Mais au fil des semaines, un troisième titre, l’éponyme de la mixtape, va devenir culte. Au printemps 2016, une bonne partie du peuple français descend dans la rue et manifeste activement contre la fameuse loi Travail proposée par le gouvernement. La crise sociale éclate, et SCH va devenir – un peu malgré lui – un symbole grâce à une phrase depuis devenue mythique : “Se lever pour mille deux c’est insultant.”

Rappeur haut standing

Même si quelques benêts pensent alors que le rappeur manque de respect aux personnes gagnant un petit salaire, la réalité est tout autre. Et les manifestants l’ont bien compris, puisqu’ils matraquent le morceau en question lors des rassemblements contestataires. En y repensant, nombreux sont ceux qui ont pris leur pied en entendant un tel titre joué à toute berzingue sur les enceintes de la CGT. Il faut dire qu’entre un morceau de huit minutes de Danakil et un titre de Sinsemilia, le choc des cultures était là aussi plutôt violent.

On peut aussi remarquer que “Le monde ou rien” de PNL – que de similitudes, décidément – connaîtra une trajectoire équivalente, à un degré toutefois moindre que le morceau du S (probablement le meilleur d’A7, par ailleurs).

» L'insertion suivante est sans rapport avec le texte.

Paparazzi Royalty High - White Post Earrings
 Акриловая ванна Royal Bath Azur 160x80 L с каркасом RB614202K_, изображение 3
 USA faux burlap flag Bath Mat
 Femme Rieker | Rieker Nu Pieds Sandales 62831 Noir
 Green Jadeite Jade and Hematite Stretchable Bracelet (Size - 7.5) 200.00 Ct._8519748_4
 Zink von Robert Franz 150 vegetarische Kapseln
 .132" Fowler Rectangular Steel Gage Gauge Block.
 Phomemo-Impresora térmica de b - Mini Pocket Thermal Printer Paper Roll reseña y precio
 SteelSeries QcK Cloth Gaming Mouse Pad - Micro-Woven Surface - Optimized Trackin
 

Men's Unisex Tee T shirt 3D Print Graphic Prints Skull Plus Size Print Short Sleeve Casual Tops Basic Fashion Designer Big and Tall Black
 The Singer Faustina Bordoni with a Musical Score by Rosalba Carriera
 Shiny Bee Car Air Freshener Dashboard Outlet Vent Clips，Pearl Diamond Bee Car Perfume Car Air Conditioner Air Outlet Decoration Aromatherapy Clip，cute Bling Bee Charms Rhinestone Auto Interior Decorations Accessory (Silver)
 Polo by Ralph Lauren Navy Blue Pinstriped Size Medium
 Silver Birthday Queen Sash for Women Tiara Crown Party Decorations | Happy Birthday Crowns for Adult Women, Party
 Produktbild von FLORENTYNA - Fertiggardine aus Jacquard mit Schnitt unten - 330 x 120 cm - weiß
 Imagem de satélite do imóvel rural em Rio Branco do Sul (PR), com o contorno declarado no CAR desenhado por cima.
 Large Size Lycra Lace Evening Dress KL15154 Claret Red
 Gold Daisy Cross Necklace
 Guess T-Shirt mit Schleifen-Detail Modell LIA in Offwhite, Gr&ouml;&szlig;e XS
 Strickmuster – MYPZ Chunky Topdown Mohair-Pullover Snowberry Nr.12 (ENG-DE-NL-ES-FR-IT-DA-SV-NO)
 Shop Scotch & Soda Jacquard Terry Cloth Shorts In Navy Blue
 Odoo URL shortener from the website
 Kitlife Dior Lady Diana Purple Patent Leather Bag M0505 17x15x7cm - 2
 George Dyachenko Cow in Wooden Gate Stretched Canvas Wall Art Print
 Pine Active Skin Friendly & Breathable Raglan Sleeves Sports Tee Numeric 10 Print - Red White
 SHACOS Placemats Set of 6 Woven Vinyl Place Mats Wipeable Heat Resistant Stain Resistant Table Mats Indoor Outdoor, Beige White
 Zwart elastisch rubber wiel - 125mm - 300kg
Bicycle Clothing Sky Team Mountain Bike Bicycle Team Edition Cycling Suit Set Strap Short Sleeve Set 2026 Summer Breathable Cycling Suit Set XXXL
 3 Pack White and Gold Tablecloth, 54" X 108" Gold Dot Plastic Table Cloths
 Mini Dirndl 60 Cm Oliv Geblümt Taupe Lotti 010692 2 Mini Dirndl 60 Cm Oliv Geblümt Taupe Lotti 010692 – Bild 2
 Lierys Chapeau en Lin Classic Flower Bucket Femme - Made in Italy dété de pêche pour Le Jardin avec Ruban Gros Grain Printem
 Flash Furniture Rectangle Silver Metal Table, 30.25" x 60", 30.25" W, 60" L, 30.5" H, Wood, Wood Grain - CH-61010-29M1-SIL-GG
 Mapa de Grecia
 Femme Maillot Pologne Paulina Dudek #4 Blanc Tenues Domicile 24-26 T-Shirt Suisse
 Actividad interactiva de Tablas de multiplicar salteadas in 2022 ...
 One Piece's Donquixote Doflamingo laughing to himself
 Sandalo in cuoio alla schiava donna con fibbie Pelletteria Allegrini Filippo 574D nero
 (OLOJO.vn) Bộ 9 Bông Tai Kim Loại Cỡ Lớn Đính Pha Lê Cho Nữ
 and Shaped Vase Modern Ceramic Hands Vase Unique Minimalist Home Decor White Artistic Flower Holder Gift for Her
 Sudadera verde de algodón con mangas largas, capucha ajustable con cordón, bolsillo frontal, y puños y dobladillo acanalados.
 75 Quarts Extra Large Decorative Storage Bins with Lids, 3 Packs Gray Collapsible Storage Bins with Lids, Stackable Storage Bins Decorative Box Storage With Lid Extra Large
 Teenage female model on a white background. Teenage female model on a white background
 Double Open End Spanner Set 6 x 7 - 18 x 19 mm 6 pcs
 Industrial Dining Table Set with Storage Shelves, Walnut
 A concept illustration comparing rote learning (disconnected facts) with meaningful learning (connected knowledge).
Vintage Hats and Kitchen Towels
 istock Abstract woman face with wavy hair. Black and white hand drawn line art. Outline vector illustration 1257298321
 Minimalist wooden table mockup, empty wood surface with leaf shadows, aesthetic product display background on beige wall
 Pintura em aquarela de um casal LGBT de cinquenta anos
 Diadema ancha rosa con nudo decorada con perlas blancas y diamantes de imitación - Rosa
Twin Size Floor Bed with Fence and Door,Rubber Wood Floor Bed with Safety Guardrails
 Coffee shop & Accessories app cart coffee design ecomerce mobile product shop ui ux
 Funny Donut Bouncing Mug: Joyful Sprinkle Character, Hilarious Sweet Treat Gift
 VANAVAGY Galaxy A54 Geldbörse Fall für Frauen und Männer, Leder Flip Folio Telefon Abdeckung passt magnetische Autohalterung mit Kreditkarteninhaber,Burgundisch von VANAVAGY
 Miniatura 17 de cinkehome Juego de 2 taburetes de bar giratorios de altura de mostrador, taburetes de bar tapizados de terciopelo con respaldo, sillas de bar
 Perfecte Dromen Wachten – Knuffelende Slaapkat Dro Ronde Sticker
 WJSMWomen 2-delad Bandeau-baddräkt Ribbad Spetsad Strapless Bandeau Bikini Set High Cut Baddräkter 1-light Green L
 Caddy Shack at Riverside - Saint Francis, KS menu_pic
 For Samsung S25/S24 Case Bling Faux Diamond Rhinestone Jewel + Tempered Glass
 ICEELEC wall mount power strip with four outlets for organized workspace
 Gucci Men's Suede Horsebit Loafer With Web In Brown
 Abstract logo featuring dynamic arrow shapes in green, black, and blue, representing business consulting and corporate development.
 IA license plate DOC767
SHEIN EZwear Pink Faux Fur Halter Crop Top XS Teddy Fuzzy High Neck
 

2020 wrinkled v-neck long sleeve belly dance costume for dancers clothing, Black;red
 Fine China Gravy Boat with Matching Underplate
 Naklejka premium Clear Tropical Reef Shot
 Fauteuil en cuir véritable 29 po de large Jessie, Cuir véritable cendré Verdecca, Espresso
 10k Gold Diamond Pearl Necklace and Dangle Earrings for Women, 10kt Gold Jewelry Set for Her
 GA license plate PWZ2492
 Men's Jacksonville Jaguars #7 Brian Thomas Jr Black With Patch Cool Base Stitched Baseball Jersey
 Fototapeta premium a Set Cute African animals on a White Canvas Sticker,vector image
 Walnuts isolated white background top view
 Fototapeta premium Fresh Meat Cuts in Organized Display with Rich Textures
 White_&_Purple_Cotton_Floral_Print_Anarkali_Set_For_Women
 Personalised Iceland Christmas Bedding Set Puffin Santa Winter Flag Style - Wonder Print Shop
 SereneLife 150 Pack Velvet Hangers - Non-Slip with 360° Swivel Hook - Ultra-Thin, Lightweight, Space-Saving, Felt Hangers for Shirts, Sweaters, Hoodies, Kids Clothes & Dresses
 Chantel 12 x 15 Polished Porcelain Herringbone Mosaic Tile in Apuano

Tout ça pour dire qu’on en oublierait presque que cela s’est fini avec un bon 49.3 des familles. Mais qu’importe, il s’agit alors de son troisième titre consécutif à acquérir un statut de musique culte, le tout en l’espace de quelques mois seulement.

De quoi renforcer un peu plus l’aura magnifique d’A7. Encore aujourd’hui, la mixtape revient régulièrement comme le meilleur projet du S et jouit toujours d’une critique aussi dithyrambique. Le disque livre avec succès une vision variée des talents de SCH. Rarement un rookie n’aura fait aussi forte impression dans l’histoire récente du rap français.

D’autant plus que les chiffres continuent de grandir, avec plus de 440 000 ventes à ce jour d’après le Snep, soit toujours le plus gros succès de sa discographie malgré les très bons albums que le rappeur a envoyés par la suite (le mésestimé Deo Favente, JVLIVS et Rooftop). L’artiste “passe sur S.K.Y., passe sur OKLM” et les ventes s’en ressentent. A7 restera à jamais le socle indéfectible de l’exceptionnelle carrière de Julien Schwarzer qui continue de se profiler au fil des ans, ainsi que le projet qui a lui a collé le personnage de SCH dans la peau à tout jamais.

Article publié le 13 novembre 2020 et mis à jour le 24 novembre 2021.